The Pound Sterling to Australian Dollar exchange rate slid by around -0.5 cents to 1.4775 (GBP/AUD) earlier this morning as the Reserve Bank of Australia announced that policymakers had decided to keep the benchmark interest rate on hold at 3.00%.
The decision was widely expected by markets in light of recent comments from RBA Governor Glenn Stevens suggesting that recent rate cuts are still working their way through the Australian economy.
During his accompanying speech this morning Stevens said:
“At today’s meeting, taking into account the flow of recent information…the Board judged that it was prudent to leave the cash rate unchanged.
During 2012, there was a significant easing in monetary policy. Though the full impact of this will still take some time to become more apparent, there are signs that the easier conditions are having some of the expected effects”.
The recent information that Stevens referred to was an encouraging rebound in Australian Retail Sales from -0.4% during December, to +0.9% during January.
The ‘Aussie’ was also boosted by a narrowing budget deficit from –AU$15048 million to –AU$14678 million in the fourth quarter of 2012, and a slight improvement in the AiG Performance of Service Index from 45.4 to 48.5 in February.
The Australian Dollar shed around -1.1 cents against the Pound during the day yesterday, with GBP/AUD rising to 1.4850, as Chinese stock markets declined by the most in over two years.
The Australian Dollar is often dictated by the performance of the Chinese economy, because it is Australia’s lucrative mining industry that fuels the Chinese dragon’s ever-expanding Manufacturing Sector. China is the largest driver of growth in the Asia-Pacific region, and a large portion of this economic output is leveled towards Australia, which boosts the export-driven Australian Dollar. Indeed, the ‘Aussie’ has appreciated by over 100 cents against the Pound over the past 10 years as economic growth has skyrocketed in China.
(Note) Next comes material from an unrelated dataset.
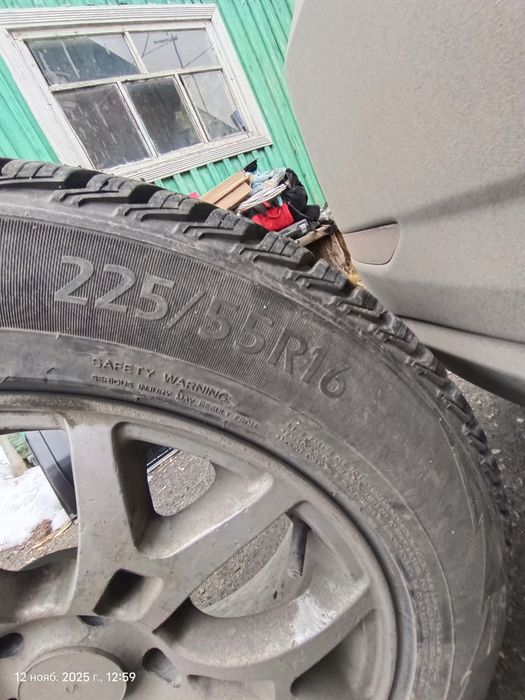 Продам диски с зимней шиной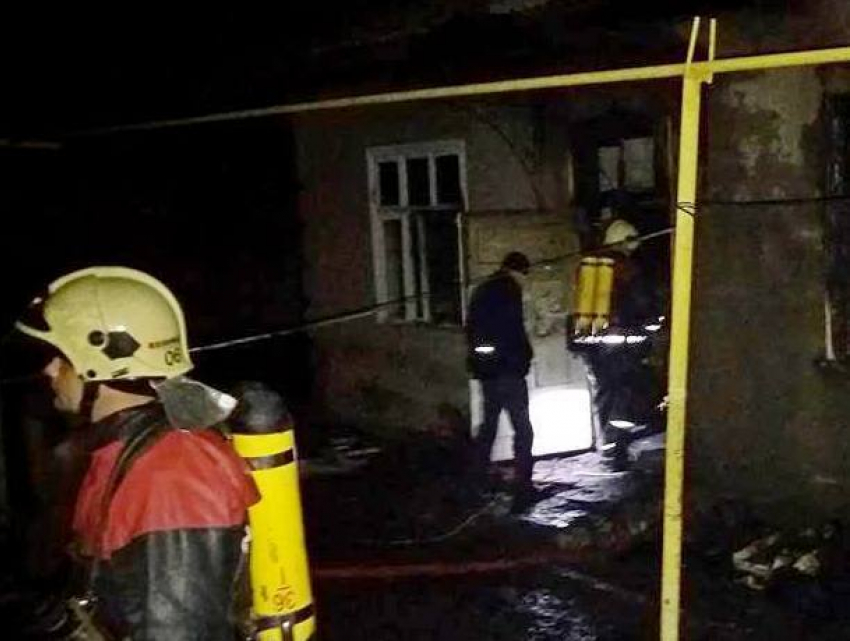 Трагедия в Рышканах: в страшном пожаре погибли две несовершеннолетние сестры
The Chinese CSI 300 Share Index fell by -4.6% yesterday, with the Shanghai Stock Exchange Property Index falling by a whopping -9.25%, as China’s State Council announced a new set of policies aimed at combatting the potential threat of a housing market crash.
With many ‘ghost cities’ popping up across the country featuring empty tower blocks, desolate roads, and fake shopping signs – designed to give the impression of a thriving metropolis – the risk of China’s property bubble bursting is becoming a real cause for concern. Property prices are rising fast, but much of the population outside of the big three urban conurbations – Beijing, Shanghai, and Shenzhen – are unable to afford the new buildings.
In order to cool property prices, and hopefully avoid a catastrophic crash similar to that which hit the US and many parts of the Eurozone in 2008, Chinese leaders have introduced a new set of rules to make property speculation more difficult in China. For buyers of second homes, deposit rates will be increased, interest rates will rise, and sales gains will be taxed by 20%.
The new rules led to declines for the commodity-driven Australian Dollar as markets contemplated the possibility that Chinese demand for Australia’s abundant mining exports could begin to curtail towards the end of the year.